Before jumping into the installation steps, let’s make sure you have everything ready, in terms of hardware and software.

Required hardware

The hardware required to install Raspberry Pi OS is pretty minimal. Here is what you need:

  • A Raspberry Pi board: Raspberry Pi OS works on any model, you’ll just need to be cautious while picking a version that is compatible with yours. If you want to use the desktop interface, a Raspberry Pi 3B+, 4 or 400 is recommended.
    Currently, it can be challenging to find one at a decent price. I share my tips with you in this other article if you need to buy one.
  • A micro-SD card: The micro-SD card is the main storage of the Raspberry Pi, it’s like the hard drive on a traditional computer. You can find my benchmark of the fastest SD cards for your Pi here.

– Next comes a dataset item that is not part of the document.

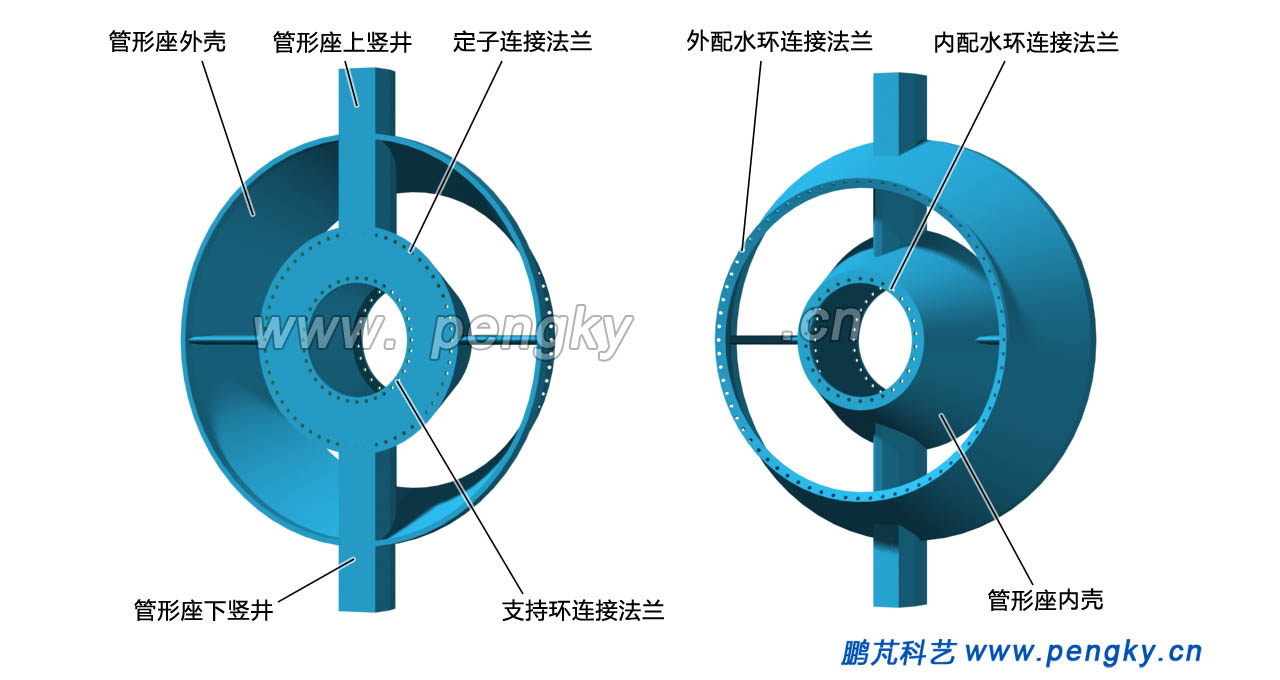 管形座（座环）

    If you already have a system installed on your Pi, you can use another SD card, so you don’t lose any data on it, and you can always plug it back if you need to get back to your current installation later. Nothing is stored on the main board directly, so when you switch SD cards, you switch everything.

    Side note: On recent models, it’s possible to use a USB drive instead. I’ll only mention SD cards in this article to keep things simple, but you can replace SD cards with USB drives everywhere if you want to use a USB drive instead.
  • A good power supply: A Raspberry Pi will start as soon as it’s plugged into a USB cable, but it might not get the best performance using a random USB cable or phone charger. If you can afford it, try to use the official power supply (this is for the Pi 4, make sure to pick one compatible with your model). You can read this other article about power supply for more details.
  • (Recommended) A monitor and display cable: It’s not mandatory, but I highly recommend plugging your Pi into a monitor (or even your TV), at least while doing the installation. You probably need a cable, with standard HDMI on one side (for the monitor), and a compatible display port on the Pi side (depending on the model you use).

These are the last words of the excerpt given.